- Exercise brief:
Take every record and write it out again exactly, with no images included.

Scraped caption text data
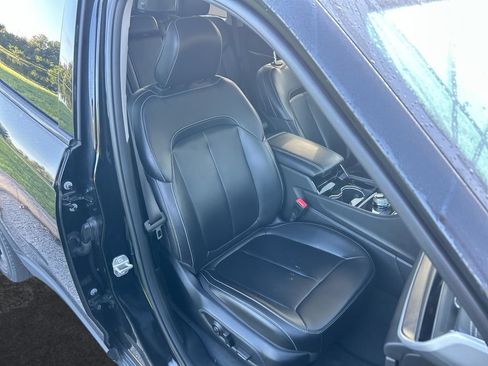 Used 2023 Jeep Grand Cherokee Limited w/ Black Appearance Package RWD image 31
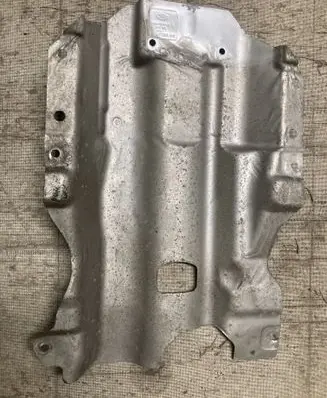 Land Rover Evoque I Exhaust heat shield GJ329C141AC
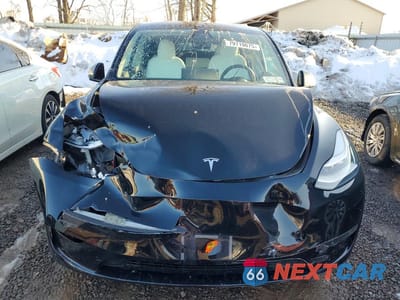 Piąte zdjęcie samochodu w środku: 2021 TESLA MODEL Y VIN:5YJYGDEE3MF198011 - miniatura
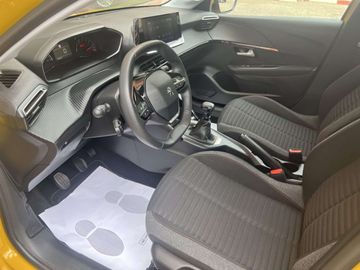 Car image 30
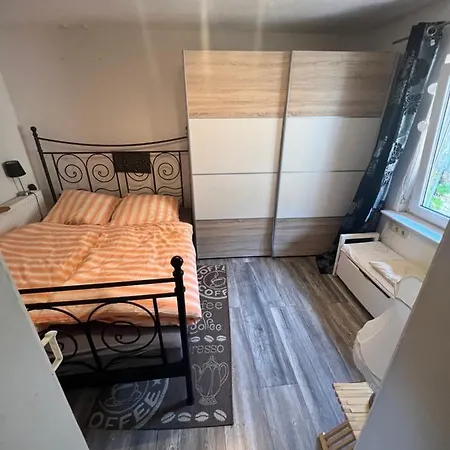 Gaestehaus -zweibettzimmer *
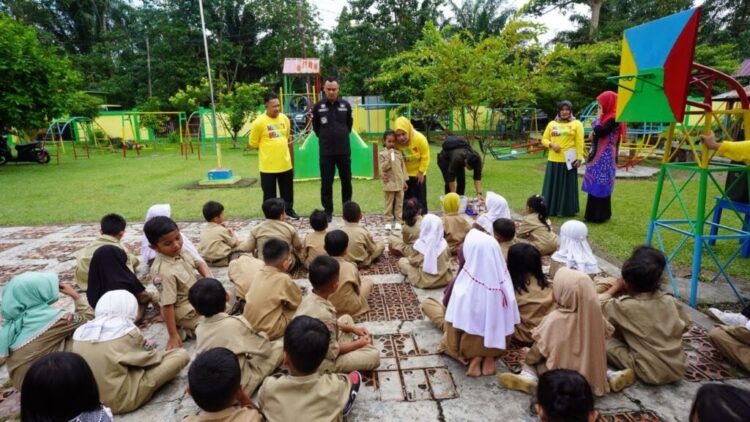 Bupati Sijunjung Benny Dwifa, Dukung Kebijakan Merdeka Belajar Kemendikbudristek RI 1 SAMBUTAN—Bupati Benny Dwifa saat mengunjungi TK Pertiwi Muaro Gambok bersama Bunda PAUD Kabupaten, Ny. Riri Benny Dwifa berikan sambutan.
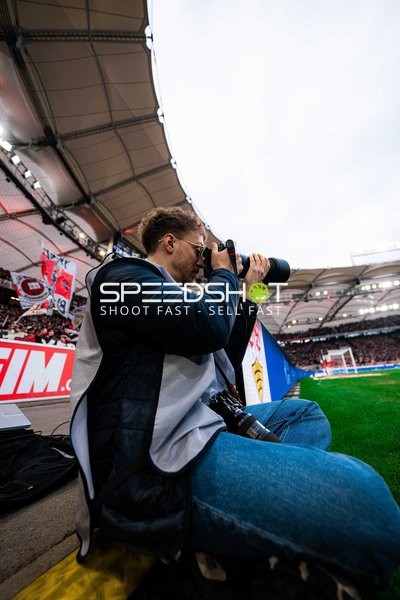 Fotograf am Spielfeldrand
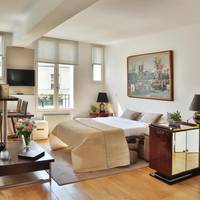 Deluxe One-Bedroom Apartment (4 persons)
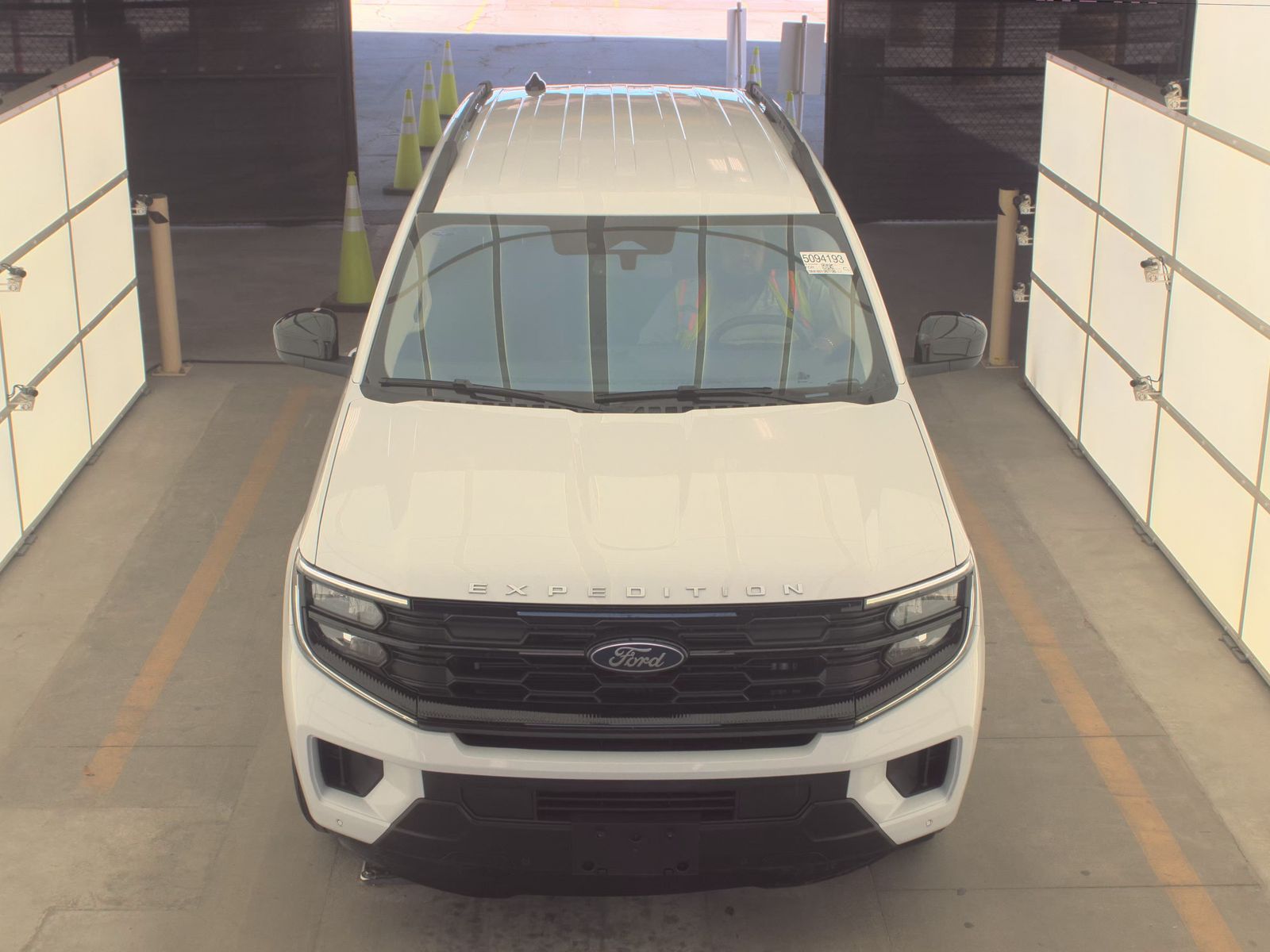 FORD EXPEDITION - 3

- Written answer:
 Used 2023 Jeep Grand Cherokee Limited w/ Black Appearance Package RWD image 31
 Land Rover Evoque I Exhaust heat shield GJ329C141AC
 Piąte zdjęcie samochodu w środku: 2021 TESLA MODEL Y VIN:5YJYGDEE3MF198011 - miniatura
 Car image 30
 Gaestehaus -zweibettzimmer *
 Bupati Sijunjung Benny Dwifa, Dukung Kebijakan Merdeka Belajar Kemendikbudristek RI 1 SAMBUTAN—Bupati Benny Dwifa saat mengunjungi TK Pertiwi Muaro Gambok bersama Bunda PAUD Kabupaten, Ny. Riri Benny Dwifa berikan sambutan.
 Fotograf am Spielfeldrand
 Deluxe One-Bedroom Apartment (4 persons)
 FORD EXPEDITION - 3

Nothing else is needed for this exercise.